Return an exact copy of the lines from the one holding "UDAIPUR RAJASTHAN INDIA" to the end of the data, including both the starting and final lines. Leave the pictures out.

···

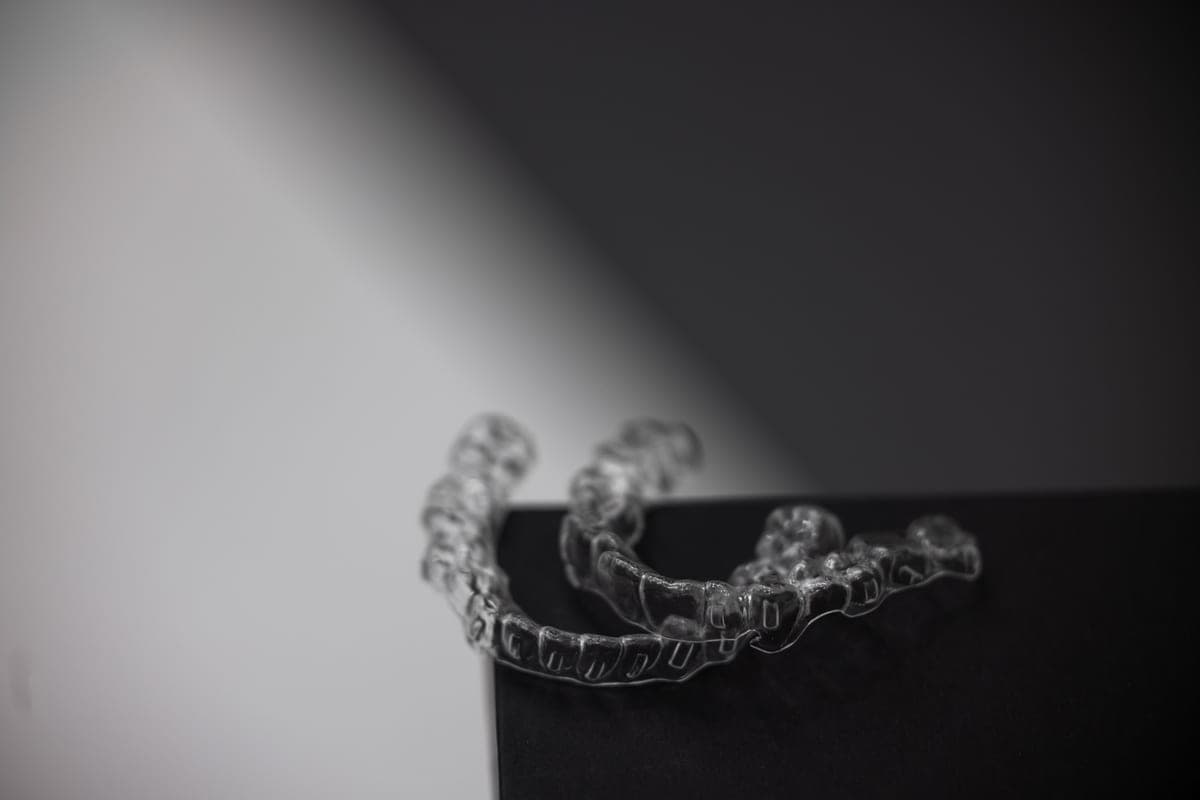 Patient holding a clear aligner during an Invisalign Clearwater consultation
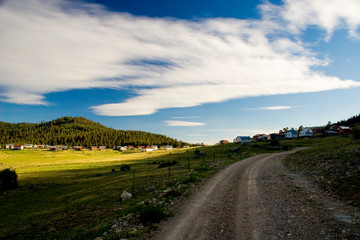 Fototapeta na wymiar country road in the countryside, mountain landscape with blue sky and clouds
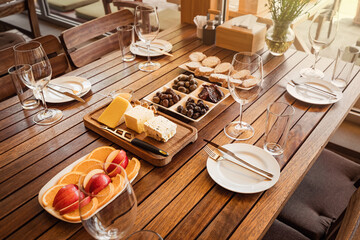 A table served with snacks - fruits, various cheeses and olives - at the winery for winetasting tour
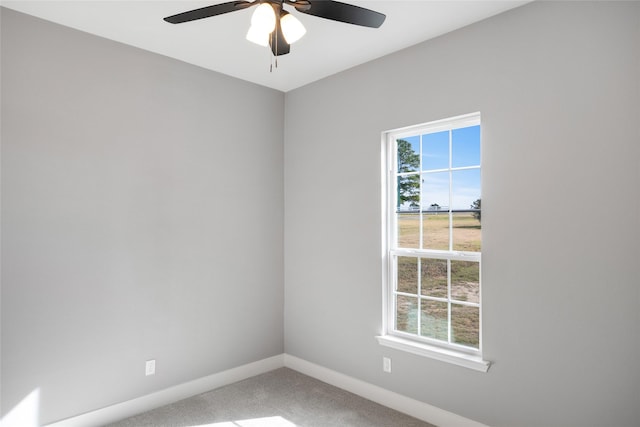 spare room with ceiling fan and carpet flooring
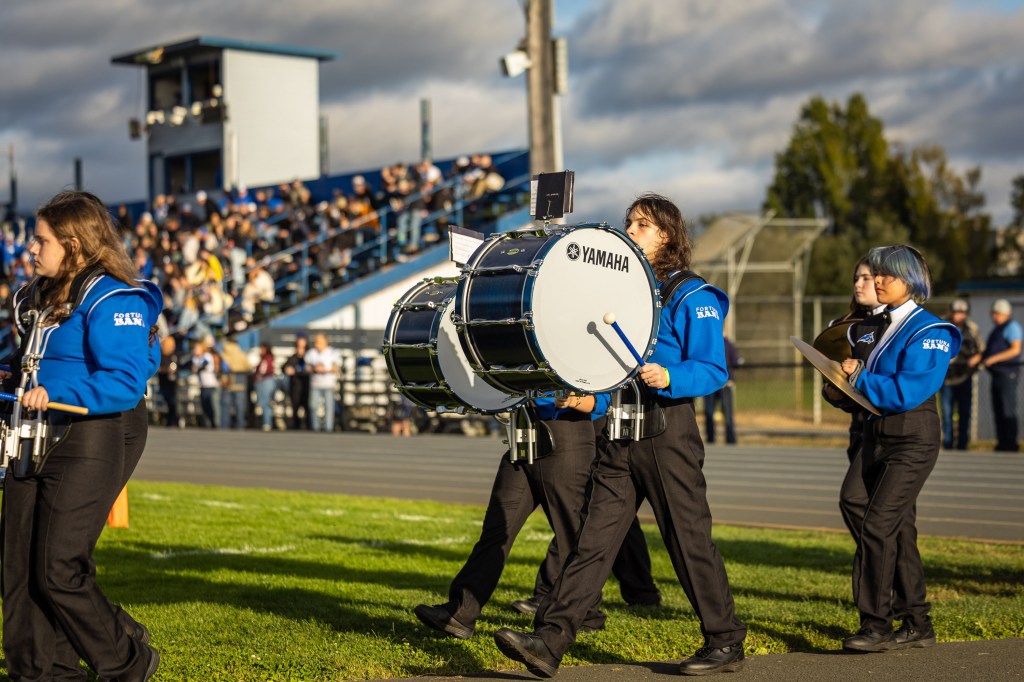 A marching band performs on a sports field, with musicians dressed in blue uniforms. One member is carrying a large bass drum labeled 'Yamaha'. The audience can be seen in the background.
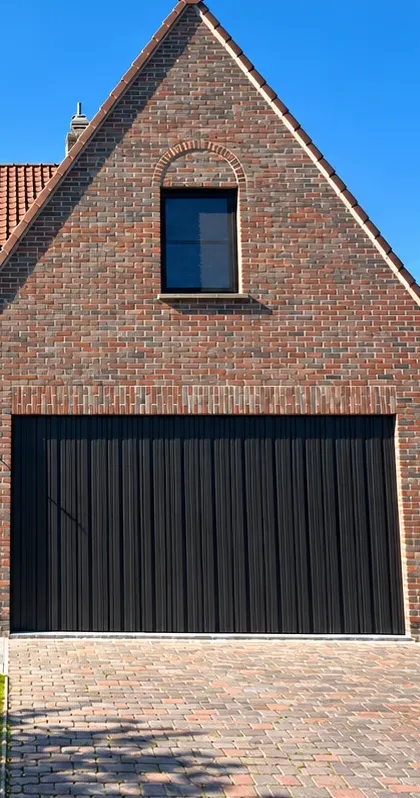 Zwarte sectionaalpoort met verticale profilering in een gevel van rode baksteen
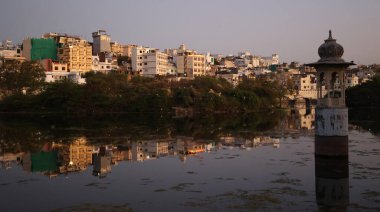 UDAIPUR RAJASTHAN INDIA - 02 20 2023: Pichola Gölü kıyısı boyunca yapılar. Pichola Gölü, 1362 yılında oluşturulan yapay bir tatlı su gölüdür..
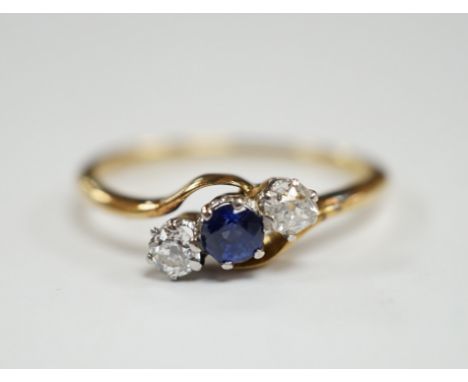 An 18ct, single stone sapphire and two stone diamond set crossover ring, size O, gross weight 2.2 grams.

···

TASK SOLUTION:
 UDAIPUR RAJASTHAN INDIA - 02 20 2023: Pichola Gölü kıyısı boyunca yapılar. Pichola Gölü, 1362 yılında oluşturulan yapay bir tatlı su gölüdür..
 An 18ct, single stone sapphire and two stone diamond set crossover ring, size O, gross weight 2.2 grams.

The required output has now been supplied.